Enquanto o Luxemburgo registou um excedente orçamental, no lado oposto está a Eslovénia. É o pais com o défice mais elevado. Atinge 14,7% do PIB. Segue-se a Grécia com 12,7%. Irlanda e Espanha estão em terceiro e quarto lugar, com défices na casa dos 7%.

Portugal é sétimo da lista, com um défice de 4,9% do PIB.

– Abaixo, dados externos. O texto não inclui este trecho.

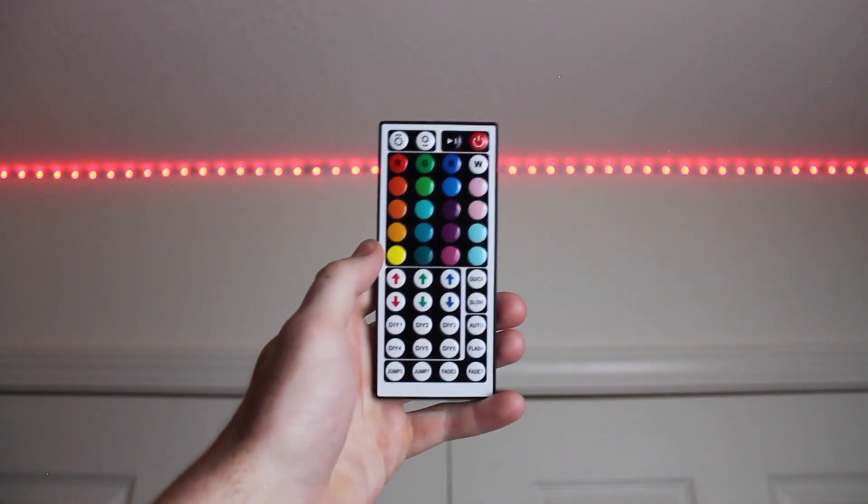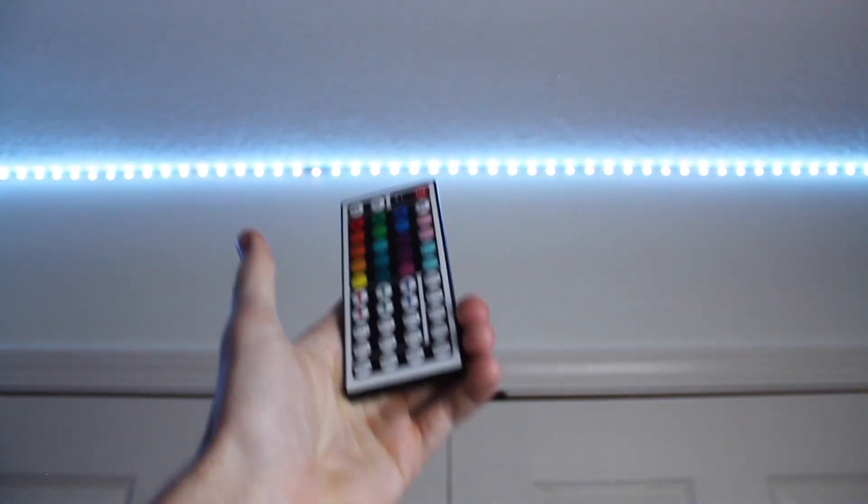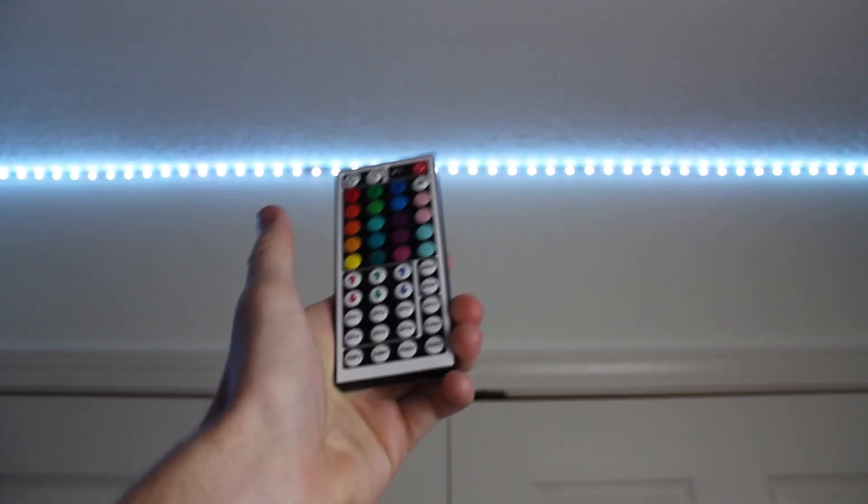Here's how to make Houston Rockets red on LED light strips. So when you first click on a DIY preset, it's going to come out as white. This is because each of the colors — red, green, and blue — are turned all the way up.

As contas públicas da zona euro beneficiaram com a melhoria do contexto económico. Mas não é o caso de todos os países. Por exemplo, a Grécia.

O país só deverá virar a página da recessão este ano. E mesmo após dois planos de resgate, uma restruturação histórica da dívida e muitas medidas de austeridade, os gregos estão entre os mais endividados.

Em 2013, a dívida helénica atingiu 175,1% do PIB. Mas, tendo em conta o tamanho da economia, é pior o caso da Itália, onde a dívida é de 132,6%. Portugal é terceiro com 129%. Surge depois a Irlanda com 123,7%.

Os casos da França e de Itália centram as atenções, já que se trata da segunda e terceira economias da União Monetária. Os dois países têm sido alvo dos avisos de Bruxelas. Roma e Paris procuram sanar as contas públicas e, ao mesmo tempo, impulsionar a economia. Mas a margem de manobra é cada vez menor.